Understanding the DeepGEMM Architecture
The architecture diagram above illustrates the layered design of DeepGEMM, showing how the library organizes its functionality from the Python API layer down to the GPU hardware. Let us break down each component:
Python API Layer
The topmost layer provides the user-facing interface through the deep_gemm Python module. This is where developers interact with the library – calling functions like fp8_gemm_nt, m_grouped_fp8_gemm_nt_contiguous, or fp8_fp4_mega_moe. The API is designed to be minimal and intuitive, exposing only the essential parameters while hiding the complexity of kernel selection, JIT compilation, and GPU resource management. Utility functions for configuring SM counts, tensor core utilization, and PDL (Programmatic Dependent Launch) are also exposed at this level.
Kernel Types
DeepGEMM organizes its kernels into several categories based on the computation pattern:
- Dense GEMMs – Standard matrix multiplications (
D = C + A @ B) supporting FP8, BF16, and TF32 data types. These handle the bulk of attention and projection computations in transformer models. - Grouped GEMMs – Specialized for Mixture-of-Experts (MoE) models where multiple experts share the same weight dimensions but process different numbers of tokens. Available in contiguous and masked layouts.

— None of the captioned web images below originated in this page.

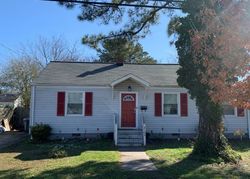 Pre-foreclosure in  E PEMBROKE AVE Hampton, VA 23664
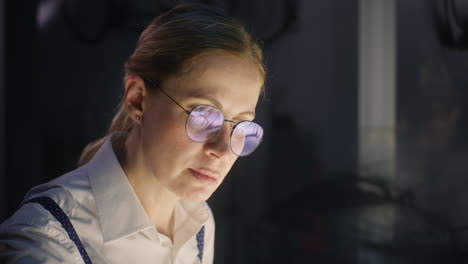 mujer concentrándose en el trabajo
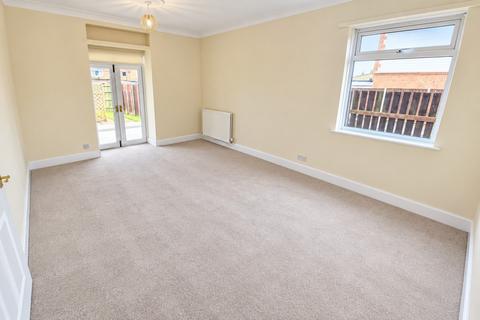 3 bedroom bungalow for sale, Limbury Road, Luton, LU3 2PJ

- MQA Logits Kernels – Optimized multi-query attention scoring for the DeepSeek V3.2 lightning indexer, supporting both paged and non-paged variants.
- Mega MoE – A fused kernel that overlaps EP dispatch, two FP8xFP4 linear layers, SwiGLU activation, and EP combine into a single mega-kernel, hiding NVLink communication latency behind tensor core computation.
JIT Compilation Engine
The Just-In-Time compilation engine is a critical architectural component. Rather than shipping pre-compiled CUDA binaries, DeepGEMM compiles kernels at runtime using a lightweight CPP JIT module. This approach offers several advantages:
- Zero-installation CUDA compilation – No need for a CUDA compiler during package installation; kernels are compiled on first use.
- Shape-specific optimization – The JIT engine can specialize kernels for the exact matrix dimensions being used, enabling optimizations that pre-compiled libraries cannot achieve.
- Architecture adaptation – Kernels are compiled for the specific GPU architecture (SM90 or SM100) present on the system, ensuring optimal instruction usage.
- Reduced binary size – Only the kernels actually needed are compiled and loaded, keeping memory footprint minimal.
The JIT engine supports both NVCC and NVRTC compilation backends, with NVRTC offering up to 10x faster compilation at a potential minor performance cost for some shapes.
GPU Support
DeepGEMM targets NVIDIA’s latest architectures:
- SM90 (Hopper) – H100, H800, H200 GPUs. Supports FP8 GEMM with 1D-1D and 1D-2D scaling modes, BF16 GEMM, and TF32 HC pre-norm GEMM.
- SM100 (Blackwell) – B200, B300 GPUs. Adds FP8xFP4 mixed precision GEMM, Mega MoE with overlapped communication, and supports all memory layout variants (NT, TN, NN, TT).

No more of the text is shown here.